Lumen Researcher Interview Series: Professor Daniel Seng
In the second part of the Lumen Researcher interview series, we spoke with Daniel Seng, Associate Professor at National University of Singapore (NUS) and Director at NUS’s Centre for Technology, Robots, Artificial Intelligence, and the Law.
Professor Seng pursued his doctoral degree from Stanford Law School, where he used machine learning, natural language processing, and big data techniques to conduct research on copyright takedown notices. His doctoral thesis was the beginning of his decade-long association with the Lumen Project, then known as Chilling Effects.

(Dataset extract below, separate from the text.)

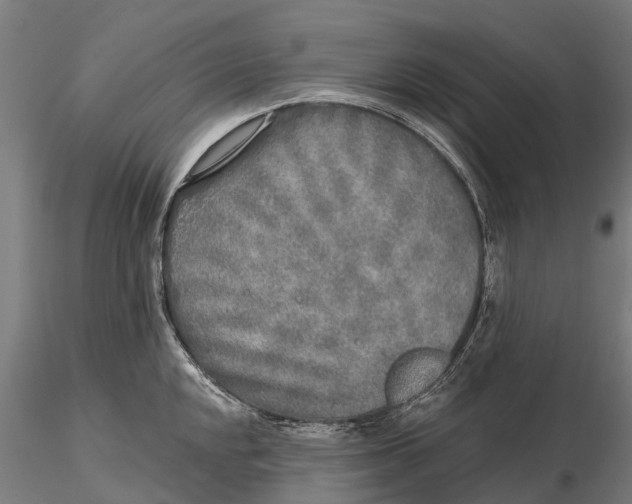 X0000115691048200912031438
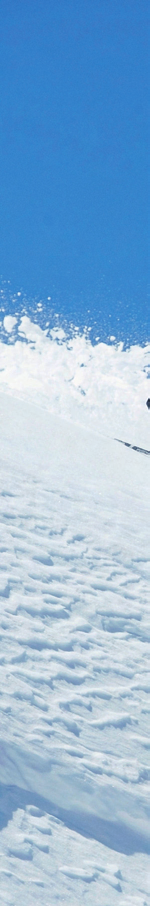 Een ski met een rijke uitstraling en perfecte geometrie voor gebruik op en naast de piste.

As a part of his research, Prof. Seng has worked on five papers that have used the data in the Lumen Database. A bulk of Professor Seng’s focus has been on empirical and quantitative legal analysis, for which he has analyzed 203 million takedown notices and 5.66 billion URLs in the Database. In this interview, Adam Holland, Project Manager at the Lumen Project, and Shreya Tewari, Lumen’s 2021 Research Fellow spoke with Professor Seng about his research work, research methodology and how the Lumen Database catalyzed his research.
Shreya Tewari: Can you tell us about your articles like “Who Watches the Watchmen”, “The State of the Discordant Union” and others where you’ve used Lumen in your research?
Daniel Seng: Sure. I actually have two other papers that talked about Lumen. They are in books so they’re not as easily accessible. One is called “Information Science Intellectual Property and Quantitative Legal Analysis.” This is published in the Oxford Handbook on IP Research, where I explain the quantitative legal analysis of technology, [for example] with reference to the Lumen database. The other is “Big Data and Copyright Law” in the Research Handbook on Big Data Law by Dr. Roland Vogl from Stanford University. It’s just been published. There, I explain how we could do empirical data research using copyright databases. Obviously, there are very, very few such databases around.
So Lumen features prominently in a lot of my writings in addition to the first three papers. The trilogy of papers is actually part of a set of papers that I submitted for my doctoral thesis at Stanford University. They are a progression from a description or overview of the takedown notice mechanism and survey, [The first] cites the Chilling Effects database, which is the predecessor to Lumen.
Then the “Copyrighting Copywrongs” paper, which initially went by a different name, but I had to substantially redo and update all the references when Chilling Effects became Lumen. [This happened in 2014]. Also, I had to expand the coverage of the data set from 2008 to 2012, which was for the initial version, to all the way to 2015, which is the currently published version, adding a lot more notices and analysis.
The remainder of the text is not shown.